(Data extracted from a collection)
_ _ _ _ _
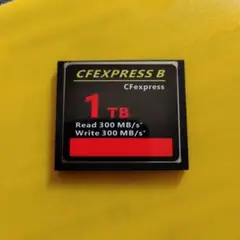 CFカード 1TB コンパクトフラッシュ 300mb/s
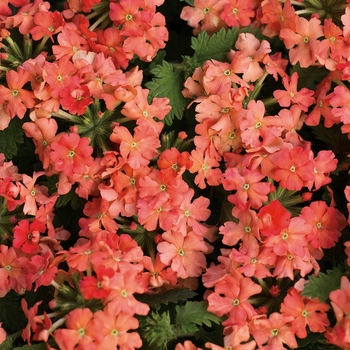 Verbena hybrid 'Royale Peachy Keen' - Superbena® 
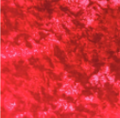 TIE DYE BANDANNA 22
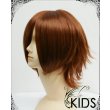 画像2: 格安 DOLLS ドールズ 特刑 御子柴笑太風 コスプレウィッグ (2)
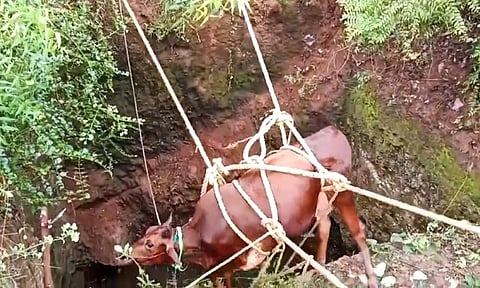 அய்யலூர் அருகே கிணற்றில் தவறி விழுந்த பசுமாடு
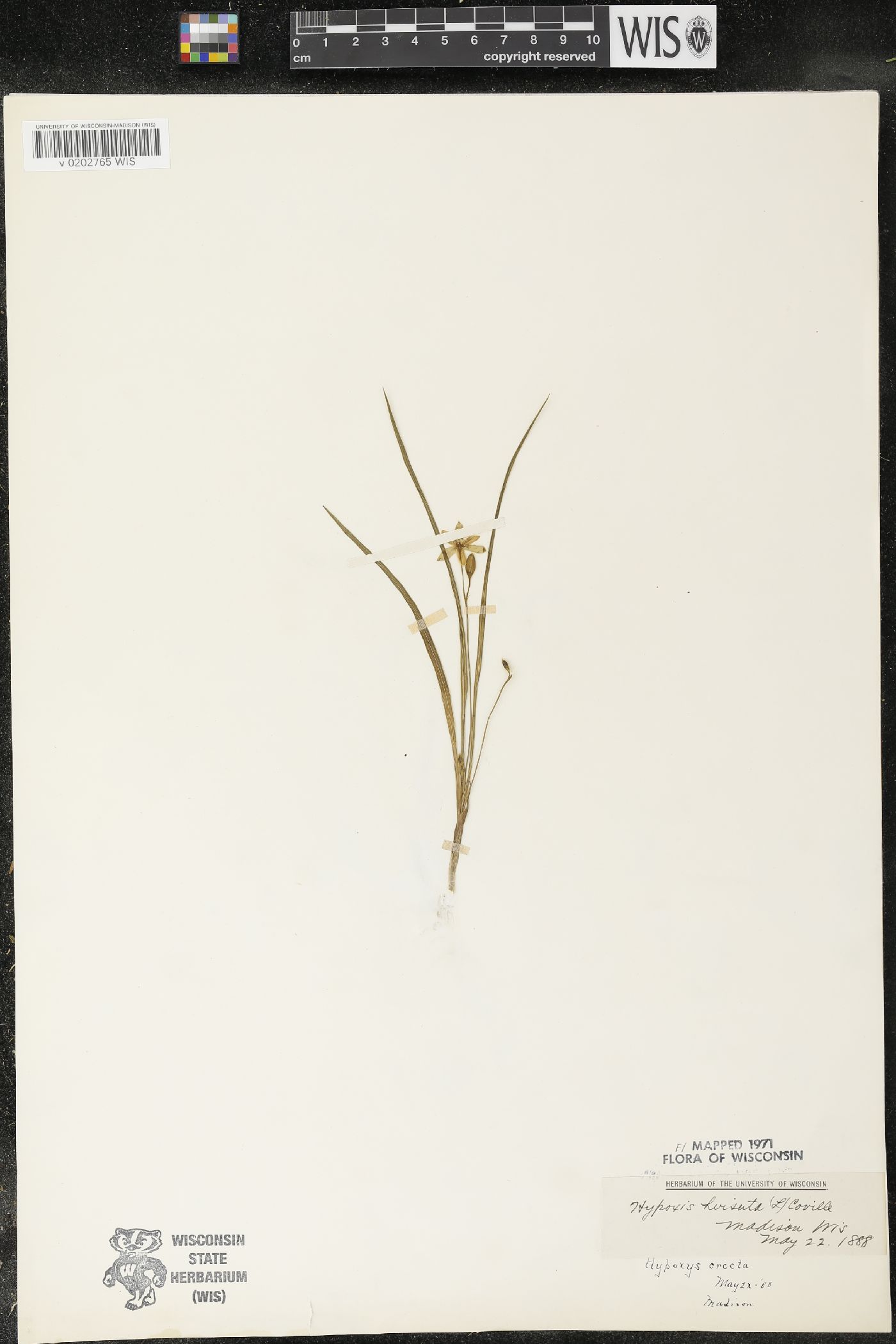 Hypoxis hirsuta image
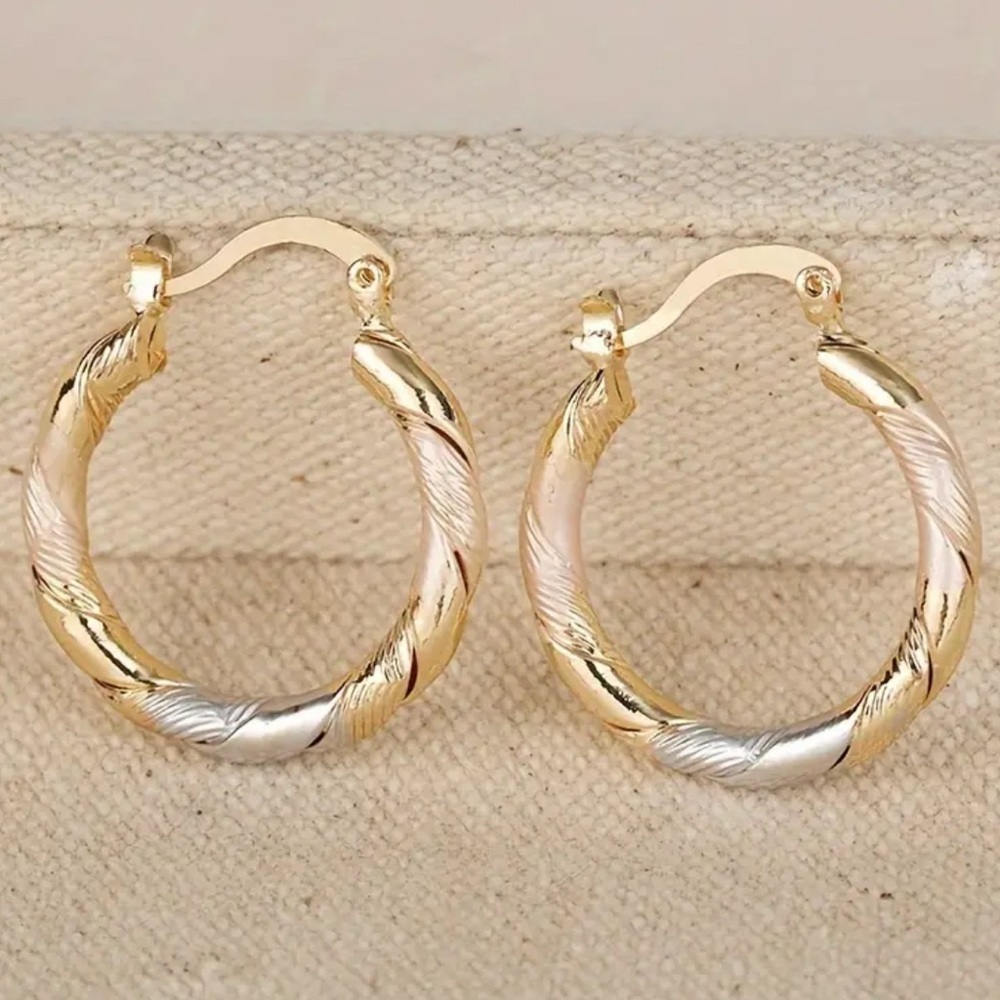 Elegant Gold and Silver Hoop Earrings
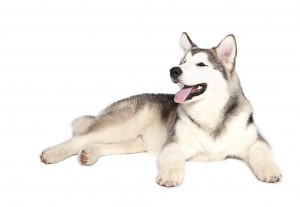 38-alaskan-malamute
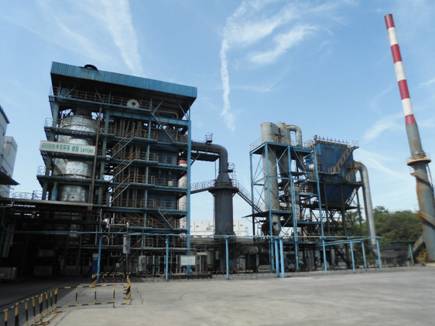 【美麗中國長江行】青山綠水還于民:探訪長壽區可持續綠色發展新道路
_ _ _ _ _
• [Aim of the task]
Output each entry above word for word. The pictures stay out.

• [Task solution]
 CFカード 1TB コンパクトフラッシュ 300mb/s
 Verbena hybrid 'Royale Peachy Keen' - Superbena® 
 TIE DYE BANDANNA 22
 画像2: 格安 DOLLS ドールズ 特刑 御子柴笑太風 コスプレウィッグ (2)
 அய்யலூர் அருகே கிணற்றில் தவறி விழுந்த பசுமாடு
 Hypoxis hirsuta image
 Elegant Gold and Silver Hoop Earrings
 38-alaskan-malamute
 【美麗中國長江行】青山綠水還于民:探訪長壽區可持續綠色發展新道路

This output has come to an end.